Zimbabwe, with so much potential to feed itself, ill affords food poverty which has been defined by some as “the inability to consume an adequate quality or sufficient quantity of food in socially acceptable ways”.
Currently we have nearly three million people in the queue for food assistance from both government and the donor community and it is extremely concerning that those who are working in both public and private sectors are increasingly failing if not already unable to feed themselves from what they are earning. This means the food handout queues are set to lengthen.
The World Food Programme estimates that 42% of Zimbabwe’s 16 million people live in extreme poverty, while also pointing out that “in Zimbabwean cities, high inflation, rising food prices and fluctuating exchange rate have devalued asset bases, savings and micro-enterprise produce at household level”.
Surely such a situation cannot prevail even if the economy is growing by 1%. But all signs are pointing to an economy decelerating at a hair-raising speed.
Some of us end up suspecting that government is cooking up figures because we cannot have such high levels of poverty if our economy is showing minute growth.
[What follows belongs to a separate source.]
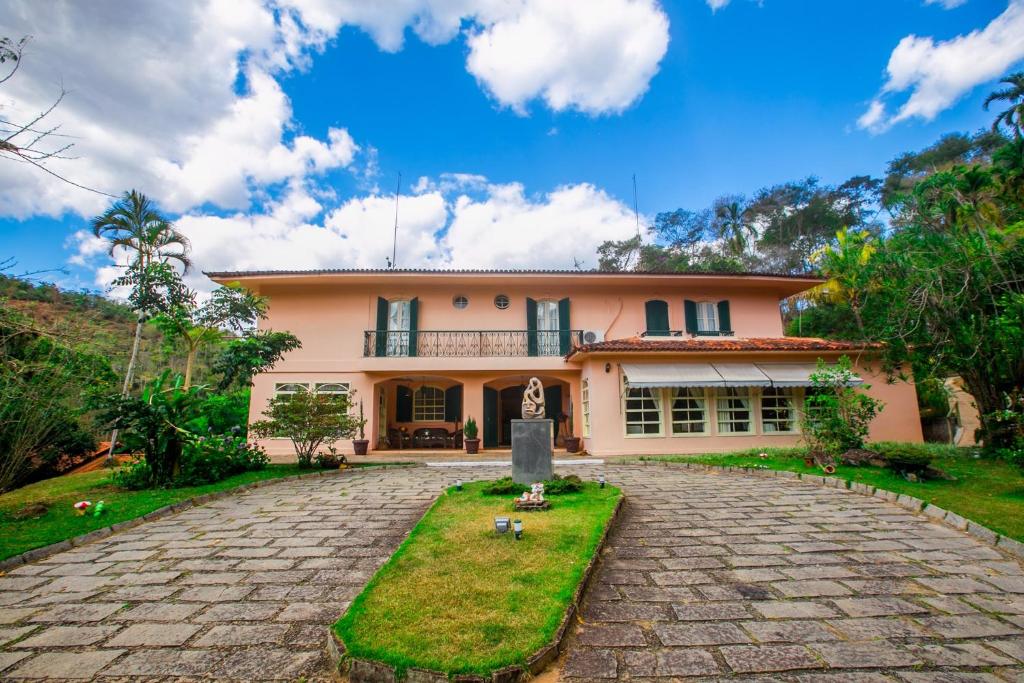 a house with a stone driveway in front of it at Hotel Solar Fazenda Do Cedro in Itaipava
Even a 0,5% growth rate reflects on poverty levels.
ZimStat food poverty figures clearly show us that our economic growth is in the negative, hence we implore government to act as quickly as possible to create an enabling environment to help arrest the country’s overall poverty levels if it entertains any hopes of achieving upper-middle-income economy status by 2030.
Prevailing poverty levels render the upper-middle-income goal a pie in the sky.